PROVIDED RECORDS:
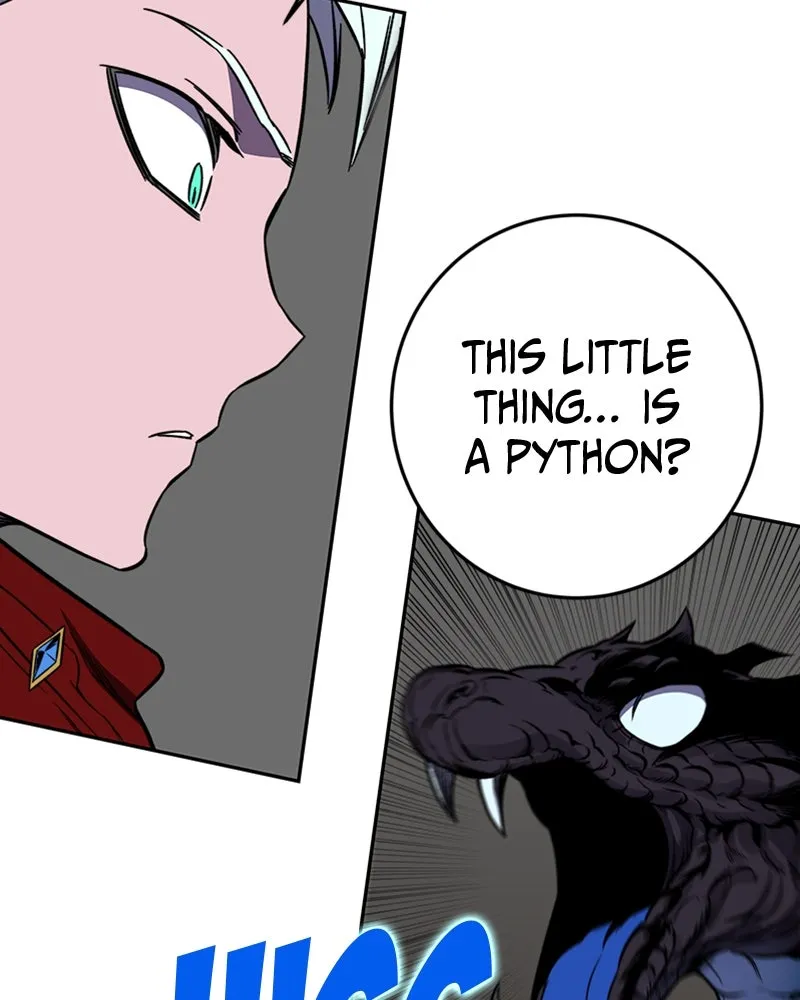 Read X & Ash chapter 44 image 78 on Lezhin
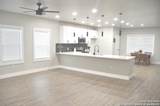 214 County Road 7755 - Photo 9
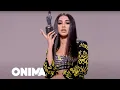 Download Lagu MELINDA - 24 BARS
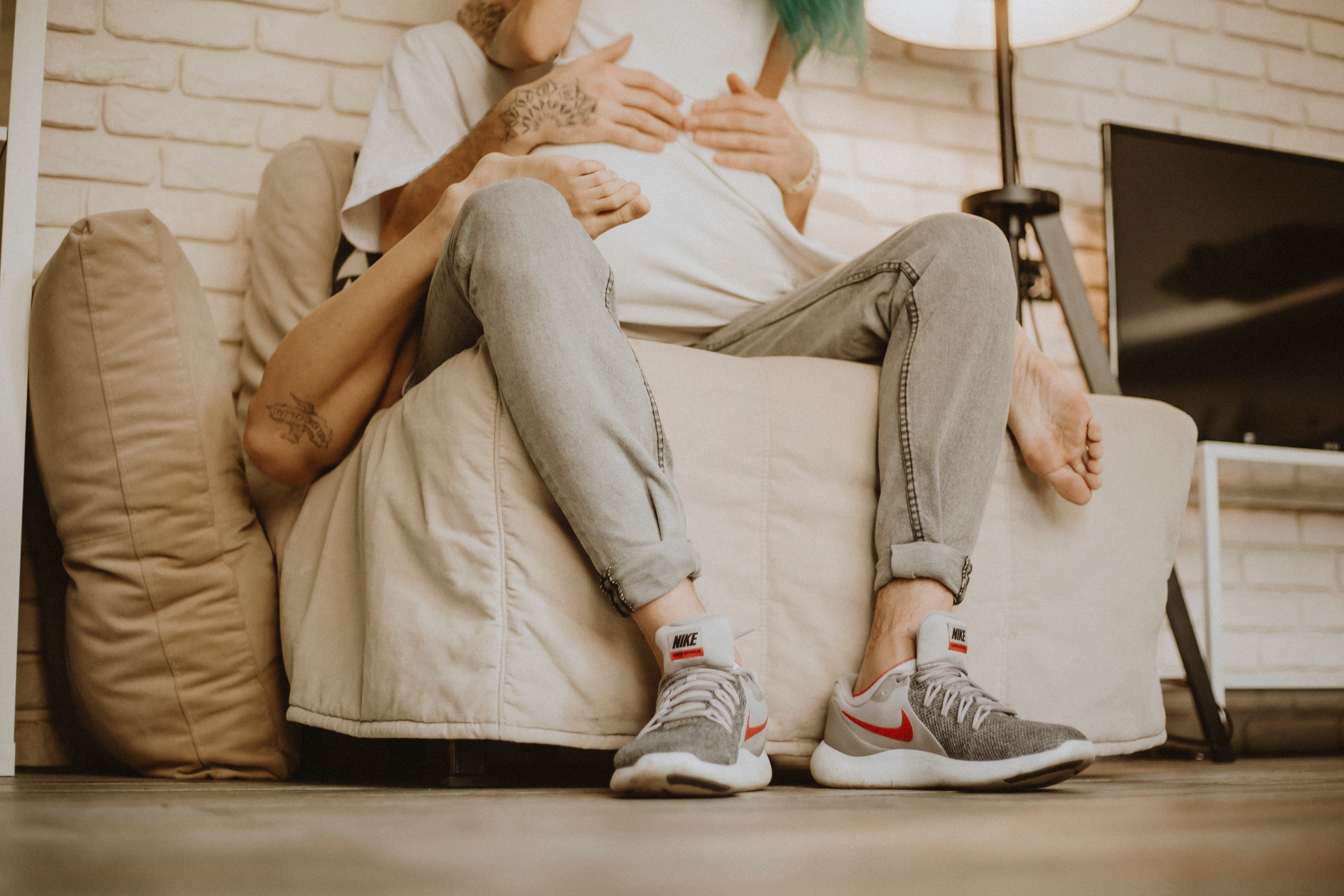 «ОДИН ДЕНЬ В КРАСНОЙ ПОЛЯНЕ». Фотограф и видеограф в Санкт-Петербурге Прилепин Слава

* * *

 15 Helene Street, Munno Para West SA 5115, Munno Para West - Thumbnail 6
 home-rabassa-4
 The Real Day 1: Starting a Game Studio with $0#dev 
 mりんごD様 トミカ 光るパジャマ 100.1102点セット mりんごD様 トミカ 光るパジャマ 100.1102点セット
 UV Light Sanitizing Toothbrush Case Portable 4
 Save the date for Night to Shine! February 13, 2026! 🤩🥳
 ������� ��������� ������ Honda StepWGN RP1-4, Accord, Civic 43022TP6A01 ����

YOUR ASSIGNMENT: Your task is to transcribe, with no changes, only the lines of the listing above that lie between the line holding "Save the date" and the line holding "Civic 43022TP6A01 ����", inclusive.

YOUR RESPONSE:
 Save the date for Night to Shine! February 13, 2026! 🤩🥳
 ������� ��������� ������ Honda StepWGN RP1-4, Accord, Civic 43022TP6A01 ����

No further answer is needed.